BEGIN Data in this exercise

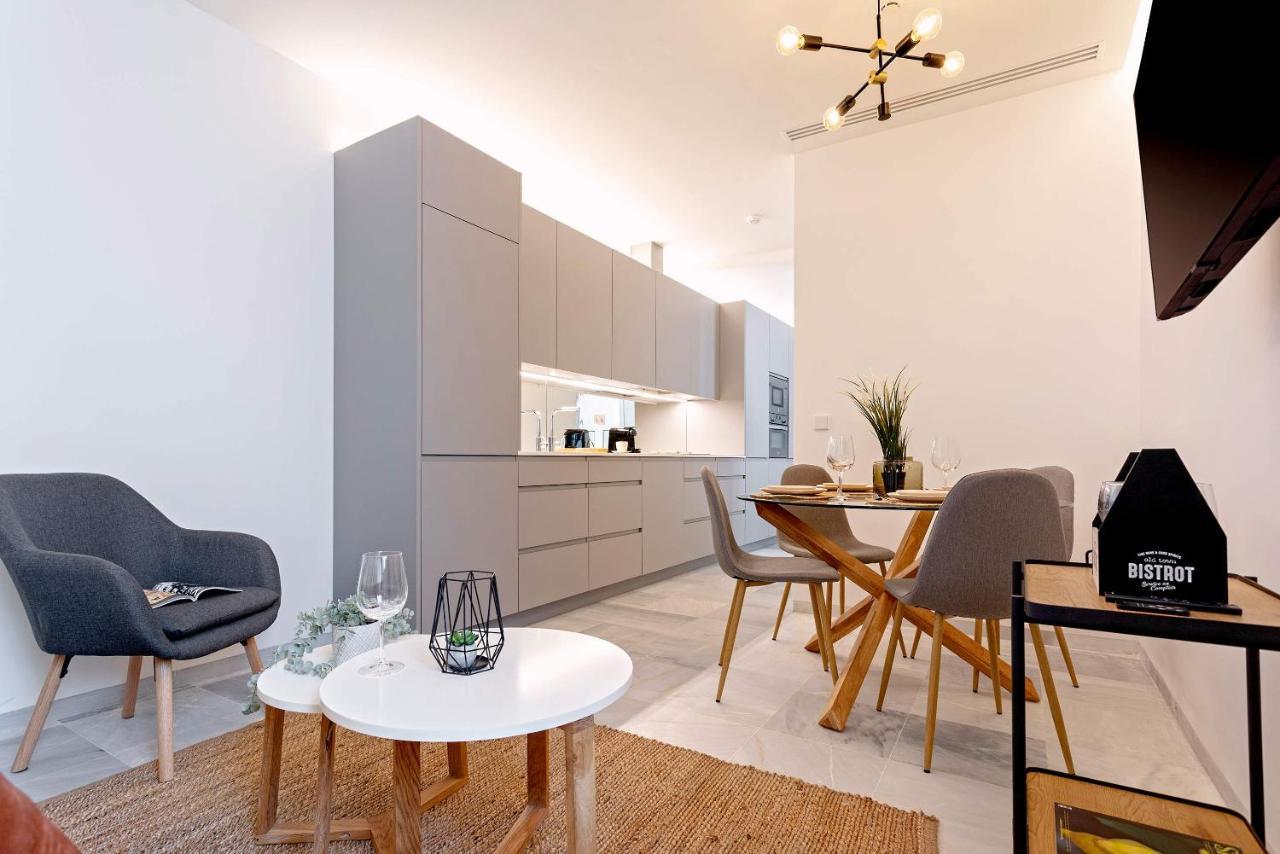 Genteel Catedral Apartment Cadiz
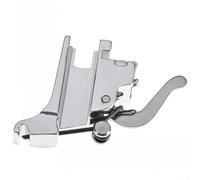 Supporto per macchine da cucire High Shank, supporto rapido per | Vestibilità universale, sistema High Shank, facile montaggio, design durevole, compatibile con molti modelli
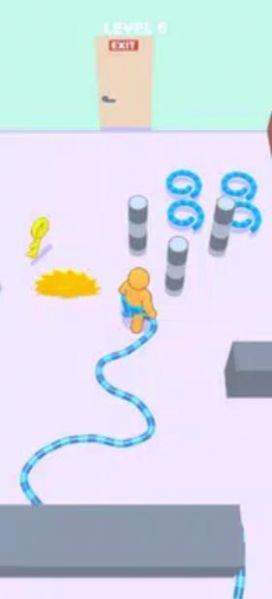 挣脱束缚手游app截图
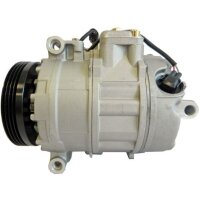 MAHLE ACP 140 000S Kompressor, Klimaanlage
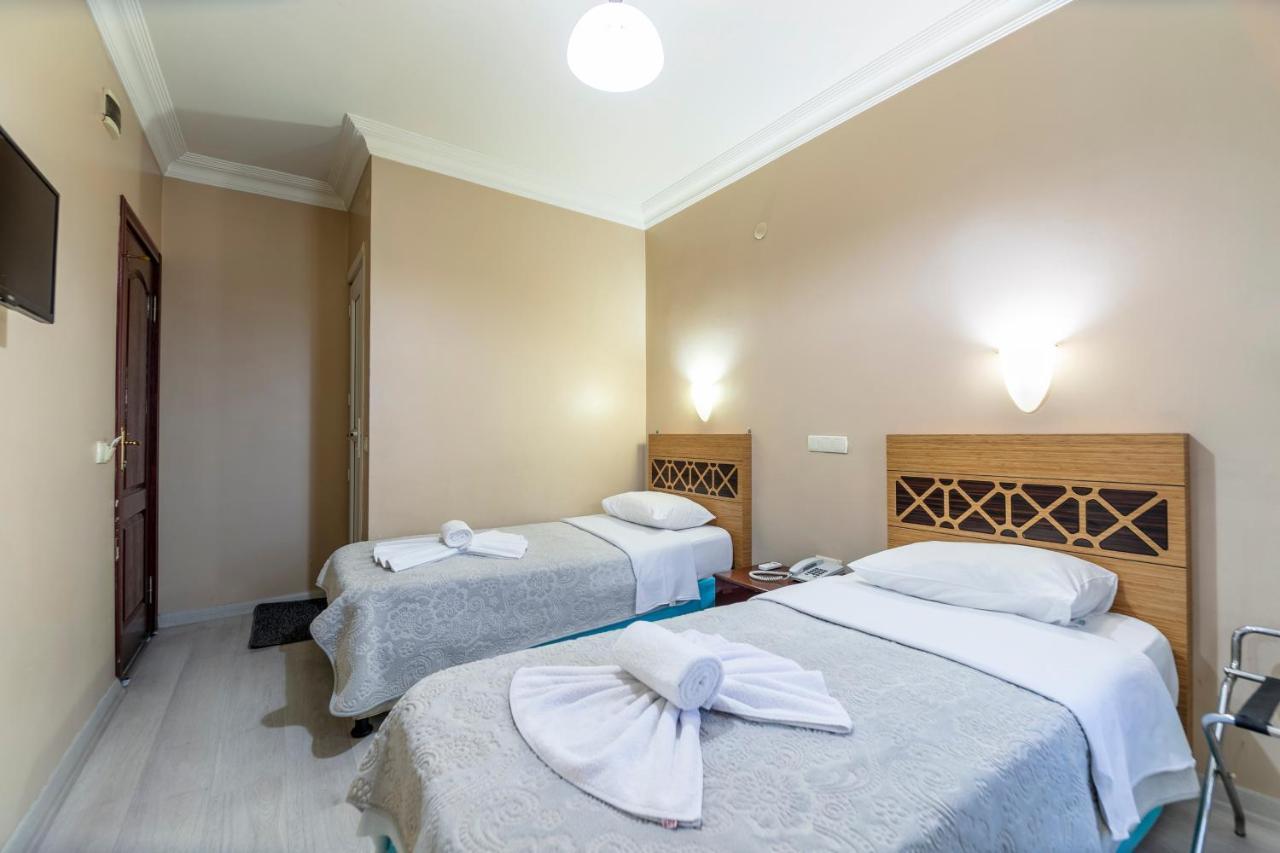 Otel Uemit 2*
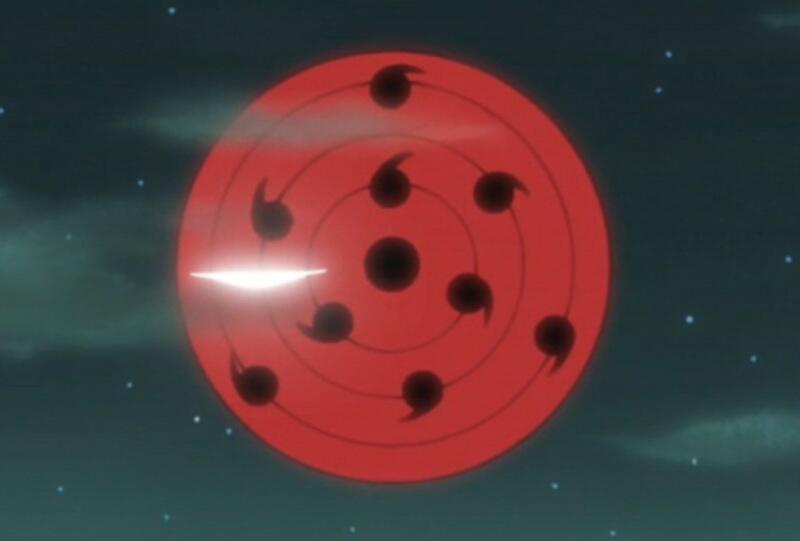 Tolong gans.!!! Tiap habis makan siang ane serasa terkena genjutsu...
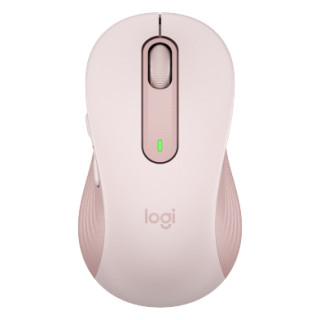 Logitech Wireless Mouse M650 L rose (910-006237)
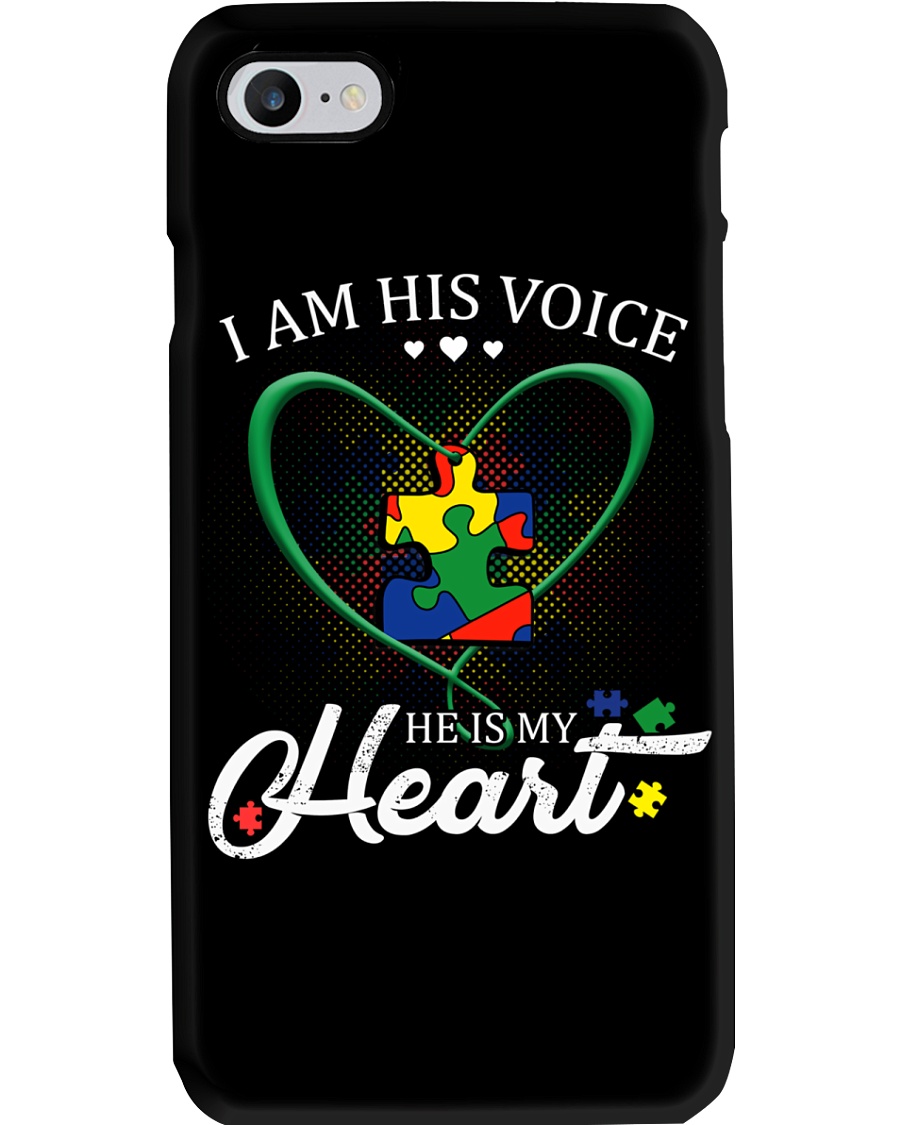 Autism Phone Case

END Data in this exercise

How to complete this task>
Set down exactly and only the lines from the line that contains "挣脱束缚手游app截图" through the last line of the entries above, with both of those lines included and the pictures left out.

Answer space>
 挣脱束缚手游app截图
 MAHLE ACP 140 000S Kompressor, Klimaanlage
 Otel Uemit 2*
 Tolong gans.!!! Tiap habis makan siang ane serasa terkena genjutsu...
 Logitech Wireless Mouse M650 L rose (910-006237)
 Autism Phone Case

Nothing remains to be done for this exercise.